Start of Block

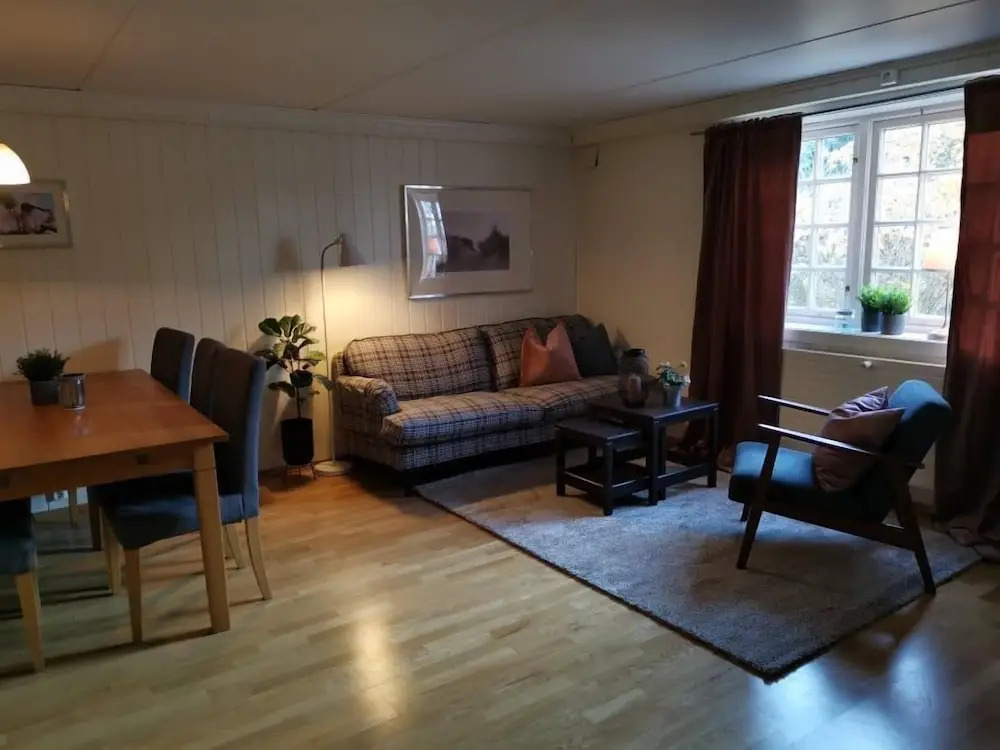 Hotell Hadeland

End of Block
Start of Block

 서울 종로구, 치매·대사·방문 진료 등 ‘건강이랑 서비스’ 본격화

End of Block
Start of Block

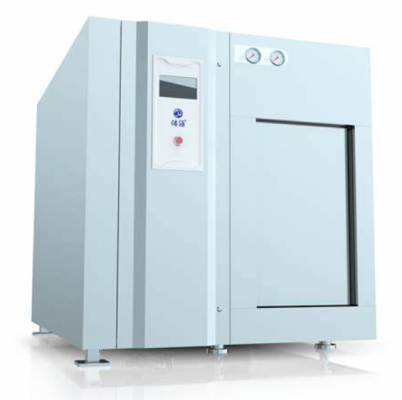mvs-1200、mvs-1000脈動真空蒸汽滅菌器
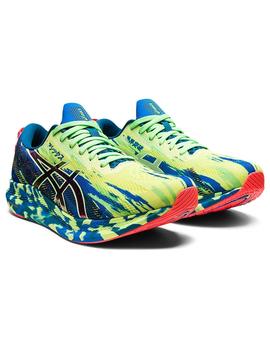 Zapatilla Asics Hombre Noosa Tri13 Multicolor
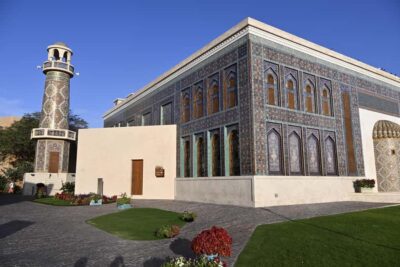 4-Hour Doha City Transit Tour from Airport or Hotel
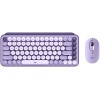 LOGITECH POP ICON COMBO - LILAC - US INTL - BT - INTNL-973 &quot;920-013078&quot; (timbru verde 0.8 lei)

End of Block

■ What you need to do ■
Print exactly the lines above that run from the one with "Zapatilla Asics Hombre" down to the one with "LOGITECH POP ICON", and omit the pictures.

■ Output for this task ■
 Zapatilla Asics Hombre Noosa Tri13 Multicolor
 4-Hour Doha City Transit Tour from Airport or Hotel
 LOGITECH POP ICON COMBO - LILAC - US INTL - BT - INTNL-973 &quot;920-013078&quot; (timbru verde 0.8 lei)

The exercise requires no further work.